It was a pleasure to speak at a BBC College of Journalism event about party conferences and how they are managed, or mismanaged. I felt I could understand both sides of the argument, having attended so many; first as a BBC political correspondent, then as a spin doctor trained in control freakery, and now as a pundit.

I pondered whether there was any justification for party conferences any longer, as they are so stage-managed and lack any real decision-making powers, except perhaps in the case of the Lib Dems.

On reflection, they clearly do. It is the one opportunity every year for politicians, activists, charities, companies, and of course journalists, to rub shoulders and get to know each other a bit better. Even if the hotel and drinks prices are outrageous.

'Managing' conference has become a lot easier over the years for the party leaderships and their media teams. This is partly because, for the most part, the membership has learned the benefits of having a serious discussion and putting on a good face for the public. But also because journalists have been forced to accept that there isn't going to be blood on the floor very often, and that they just have to deal with the fact that they are showcases rather than bun-fights.

But it is in the interests of the parties themselves to loosen up a bit. However, for them to do so, it requires a bit of responsibility on the part of the media.
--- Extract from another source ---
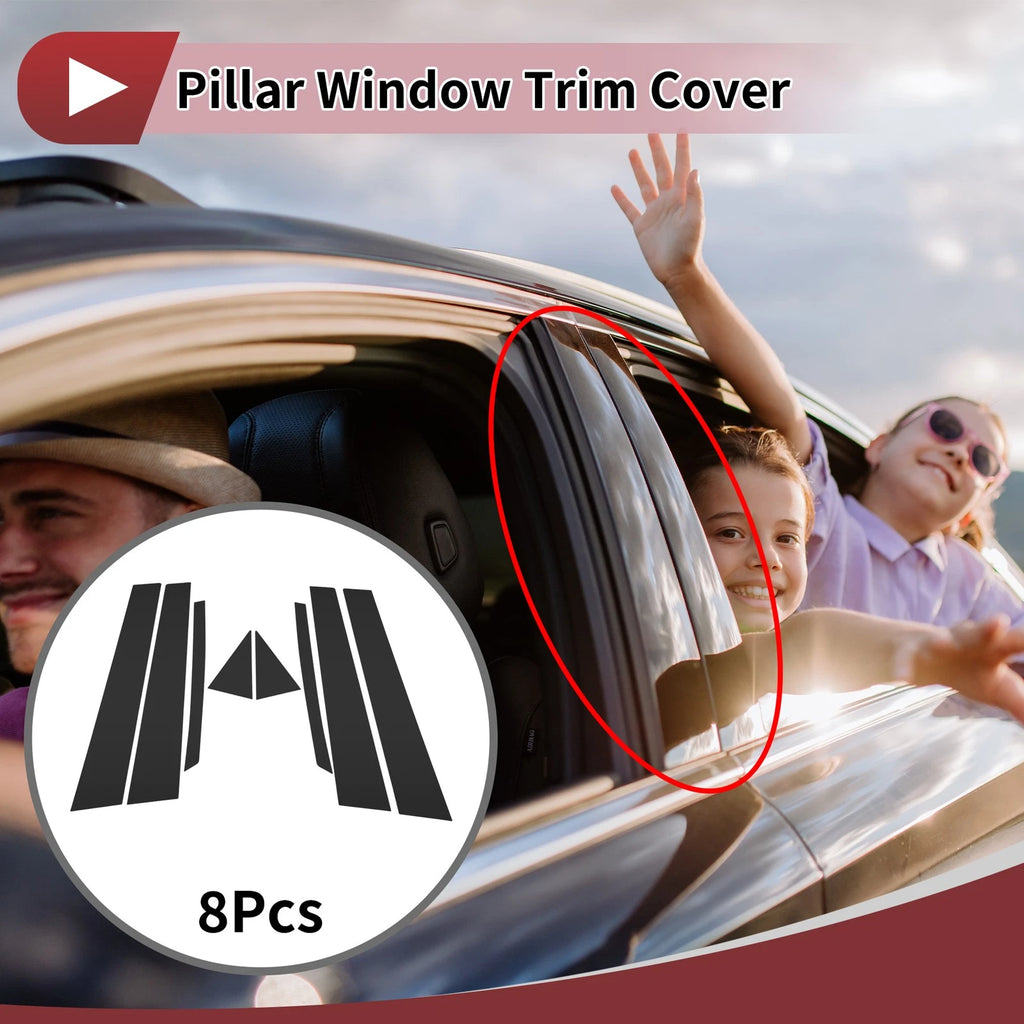 Door Pillar Window Trim for Nissan Teana (2002–2007) Black Left Right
The public switch off if they think there's no real debate. It looks boring because it is boring. It would be healthy for democracy if more genuine debate was reintroduced. But that will only happen if journalists can break the habit of calling a disagreement between members of the same party a 'split' or a 'challenge to the leadership' when it isn't.

The BBC could probably cope with that. As for our friends in the written press, well, I doubt it. And, so long as the politicians can't trust journalists not to blow any difference of opinion up into something that sounds apocalyptic, the party managers will try to make sure those discussions take place away from the cameras and the microphones.